WHAT IS BEING ASKED ▸ Look below for the line containing "RC Circuits: Charging A Capacitor", then write out that line and every line after it to the end, exactly, minus the pictures.

DATASET EXCERPT ▸
Content starts

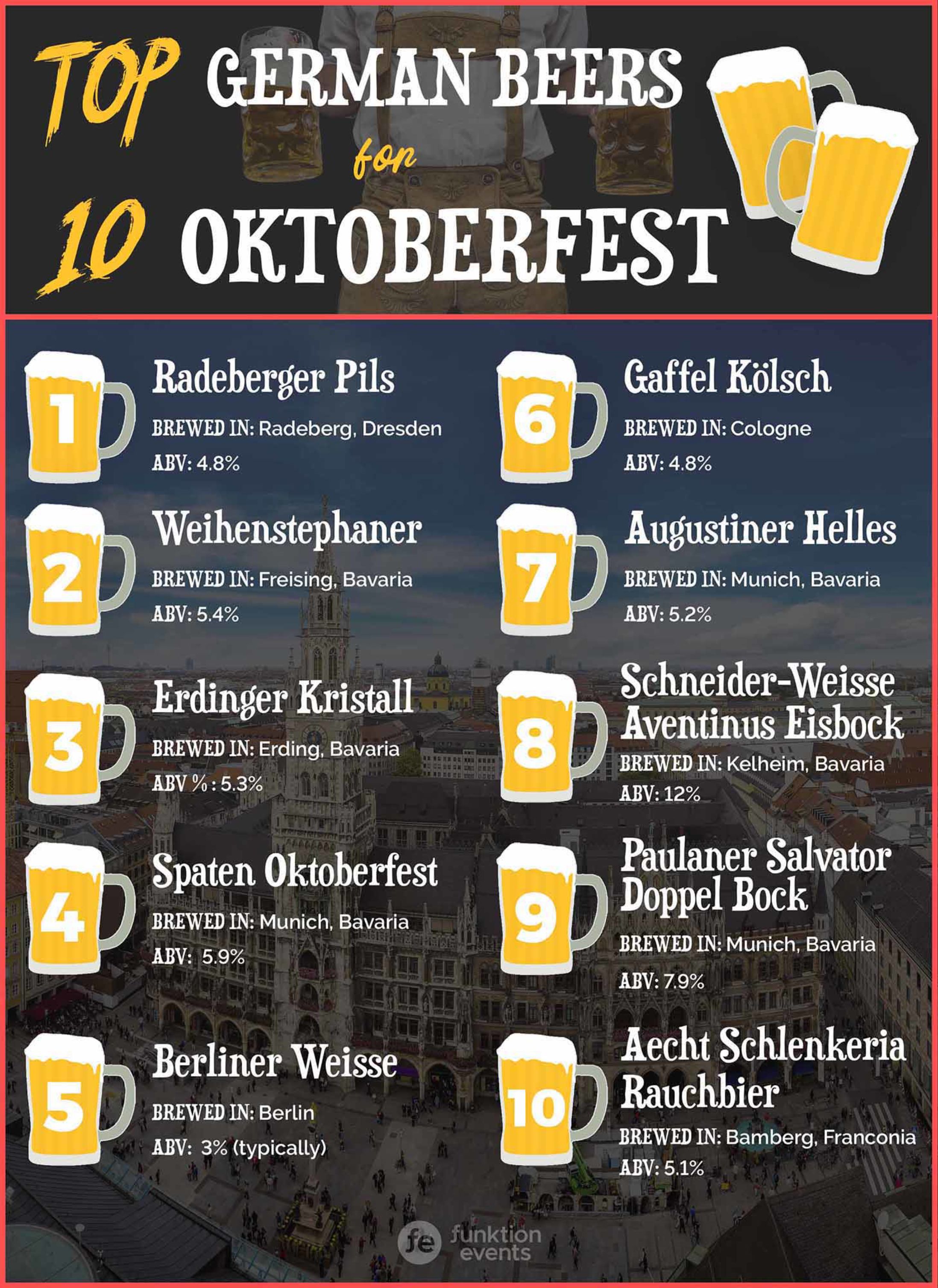 Best Beers for Oktoberfest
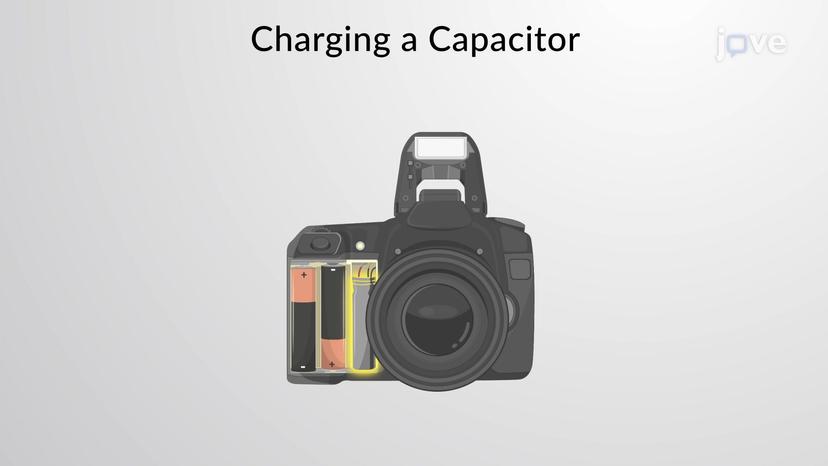 RC Circuits: Charging A Capacitor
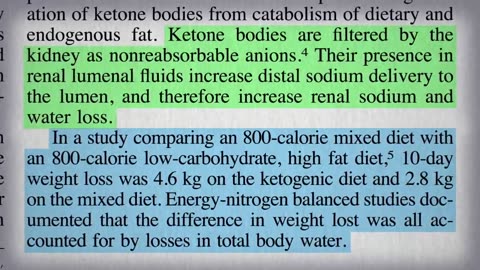 KETO DIET BEFORE AFTER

Content ends

RESULT FOR THIS TASK ▸
 RC Circuits: Charging A Capacitor
 KETO DIET BEFORE AFTER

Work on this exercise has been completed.